元々(?)が「言語学」の人なので、「普遍文法(Universal Grammar)」から発展させた論理を「教育」につなげたといえるでしょうね?
(普遍文法(Universal Grammar))
言語学の生成文法における中心的な概念で、全ての人間が(特に障害がない限り)生まれながらに普遍的な言語機能 (faculty of Language) を備えており、全ての言語が普遍的な文法で説明できるとする理論。
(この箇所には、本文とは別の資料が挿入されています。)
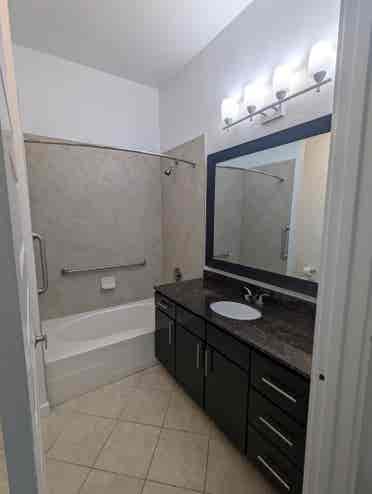 Room for Rent w/ -FOOT CEILINGS!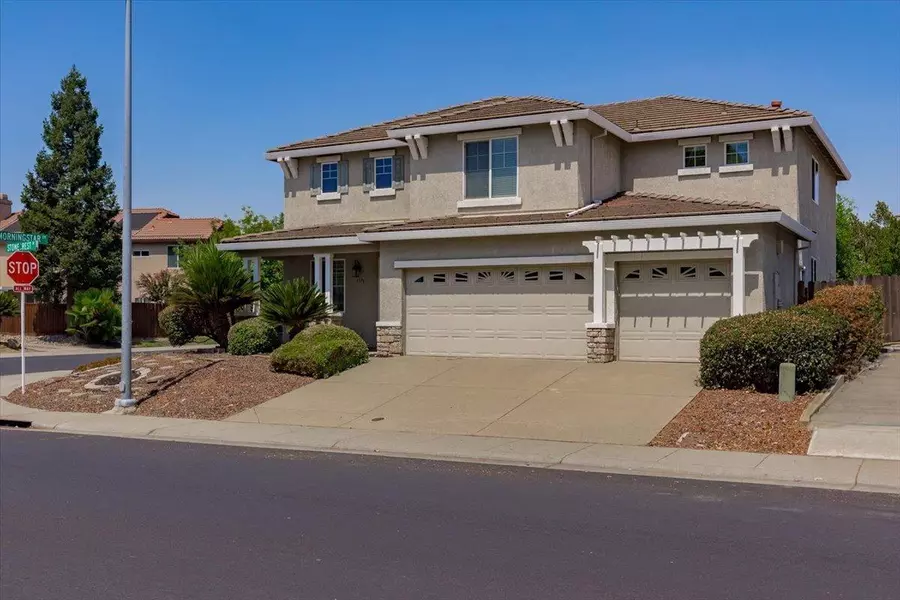 1976 Stonecrest DR, Roseville, CA 95747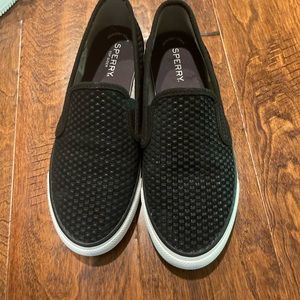 Seaside Emboss suede Sperry Black memory foam- great condition.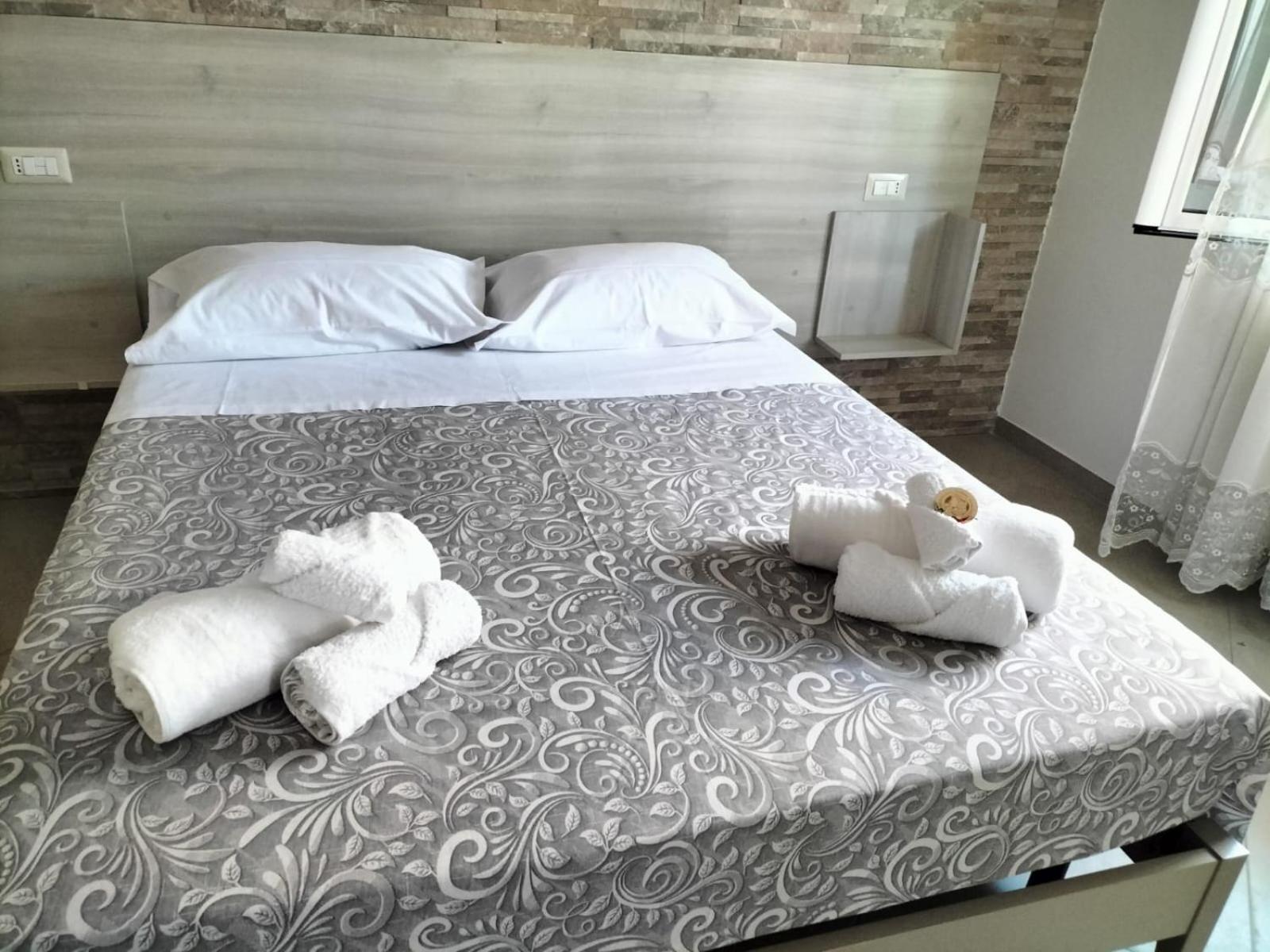 Hera Tropea Rooms Экстерьер фото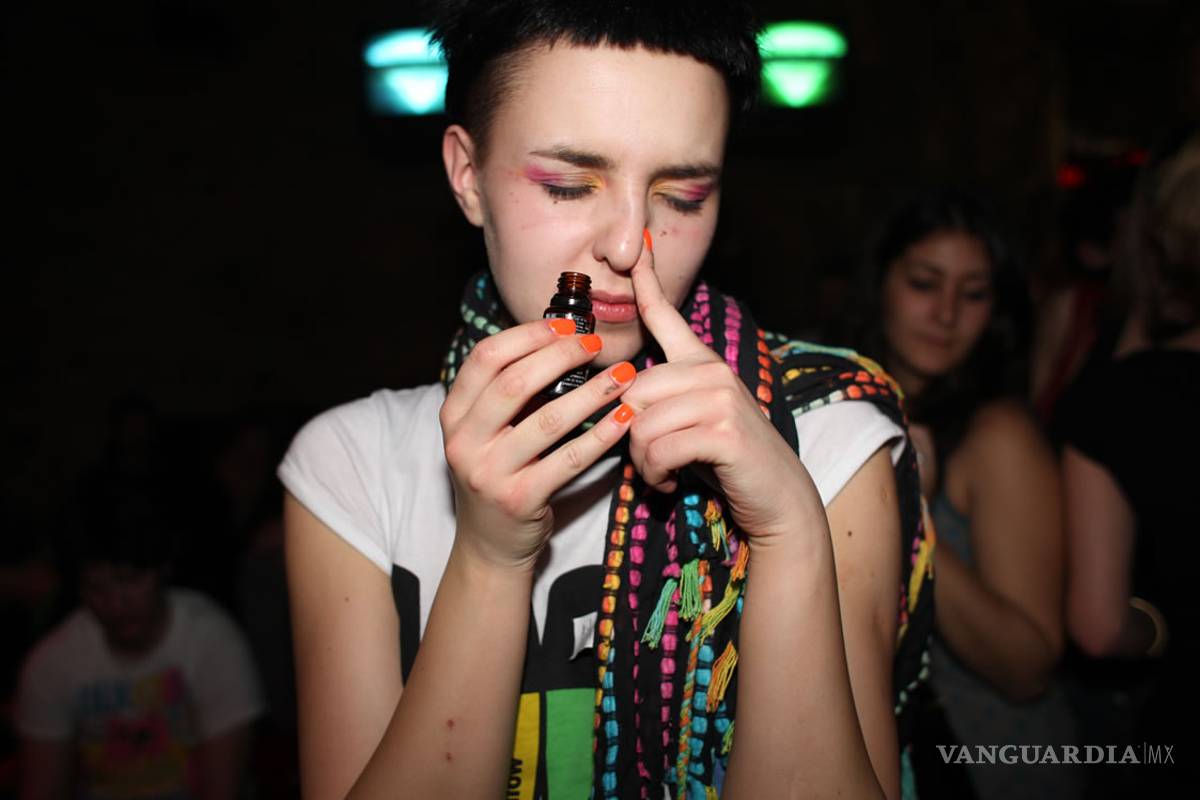 Quienes los utilizan dicen 'experimentar un éxtasis sin igual': Poppers, la droga sexual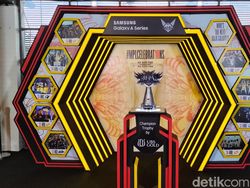 Potret Keseruan Nonton Langsung MPL ID S10 di MPL Arena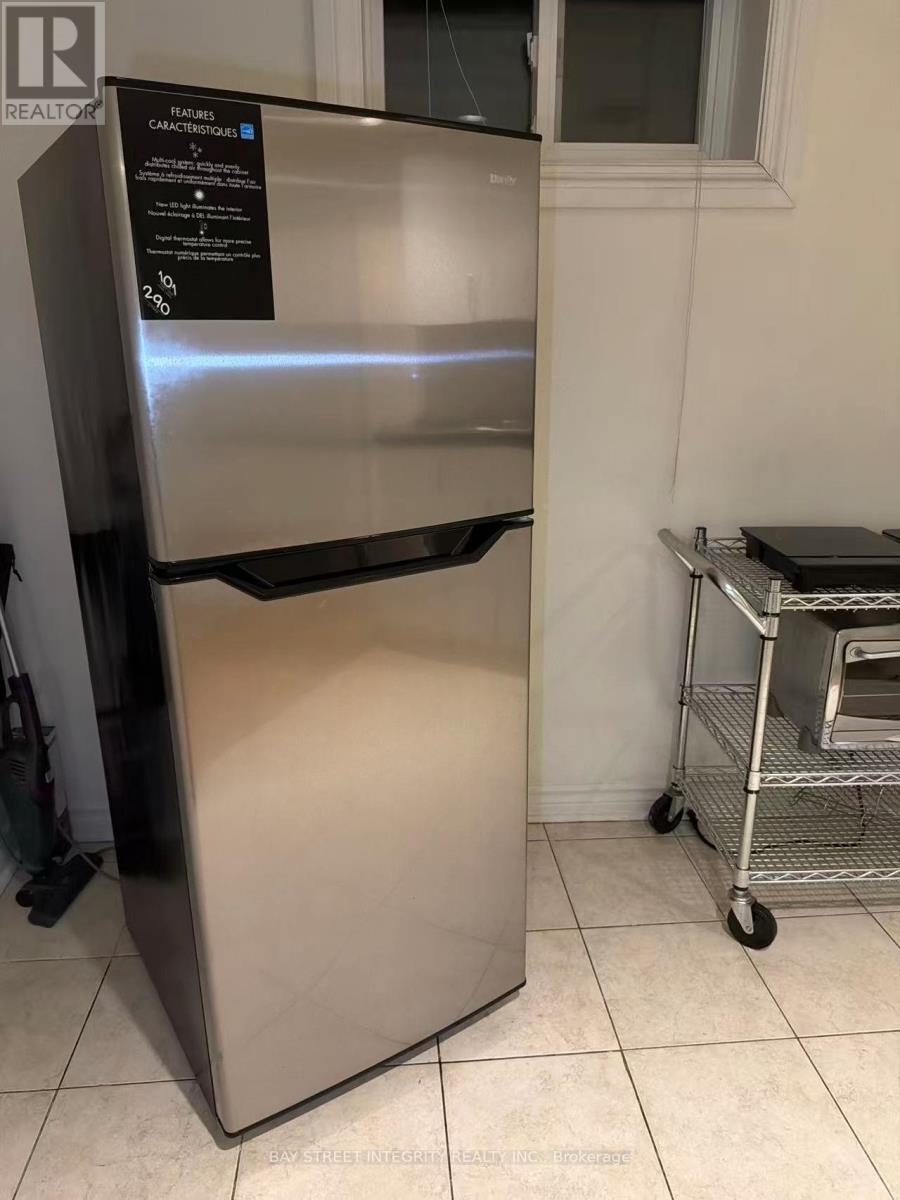 Basement (Side Door) - 34 Clovercrest Road, Toronto, Ontario  M2J 1Z6 - Photo 12 - C12649074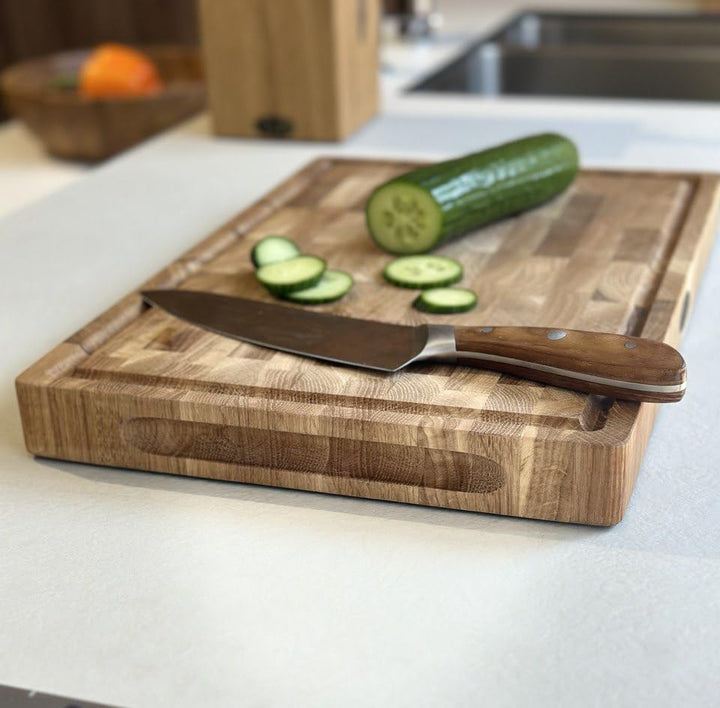 B4K® 45х30х4cm Küchenbrett aus Eiche Stirnholz | Antibakterielles Hirnholzbrett mit Griffen, Silikon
「ヒト言語の知識は、経験によって後天的に学習されるよりも、むしろ経験に先立ってヒトの脳に生得的に与えられている部分が少なくない」という仮説。
みたいな感じです。
内容は難しい話(?)なので、今日はそういうことではなく、「教育」、特に「学校教育」についてのチョムスキーの意見について考えていきます。
チョムスキーの語る、「理想的な教育」とは、
・子供たちが持っている創造性と創作力を伸ばし、自由社会で機能する市民となり、仕事や人生においても創造的で創作的であり、独立した存在となるように手助けすること。
で、
・こういった「教育」だけが、進んだ世界、進んだ経済を生み出すことができる。
と繋げます。
そして、
・何をカバーするかは問題ではない、重要なのは何をディスカバーするかだ!
・垂れ流しの情報は、情報がないのと同じ(何を探すべきかを知っている必要がある)。
・早期教育は、海兵隊員や労働者になるための訓練としては良い。
・教育が個々の学生の能力を最大限に引き出し、彼らが自己決定と批判的思考を行う能力を育むべきだ。
・学校の「自己家畜化」機能
まぁ、さすがに少し過激ですね?
とはいえ、「教育・学習」というものを真面目に(?)学んだ人には、「そりゃそうだ!」と同意してもらえるのではないでしょうか?
チョムスキーがこういった発想に至るには、やはり彼が通った「実験的学校」の影響が大きいのでしょうね。
”探究と創造を教育の柱”にする、ジョン・デューイの教育哲学に則った学校ですね!
なるほど、、、と、思います。
極論を言うと、チョムスキーの提唱する「理想的な教育」とは、
ジョン・デューイの「理想的な教育」を超過激にしたもの。
と言えるのではないでしょうか?
チョムスキーのような考え(教育に限って)を持った人が少ないとは思いませんが、前に記した、全くの分野外の経営学者ラッセル・エイコフ(「逆転の教育: 理想の学びをデザインする」)よりはインパクトがありますね。
どちらかというと内田樹さんに近いですかね?
とはいえ、
「理想」は「理想」
「現実」は「現実」
として歴然と存在しているわけです。
ここでいつもの思考で、
「ギャップを埋める」
という発想に陥ると、論理は完全に破綻してしまいます。
なぜなら、これはもう「ギャップ」というようなレベルの話ではないからです。
学校制度、受験体制、社会構造、、、すべて0から作り直さない限り、「理想」は永遠に「理想」のままです。
チョムスキーや内田樹さんのような至極優秀な頭脳をもった人たちが何をどう言っても、それは絶対に変わりません。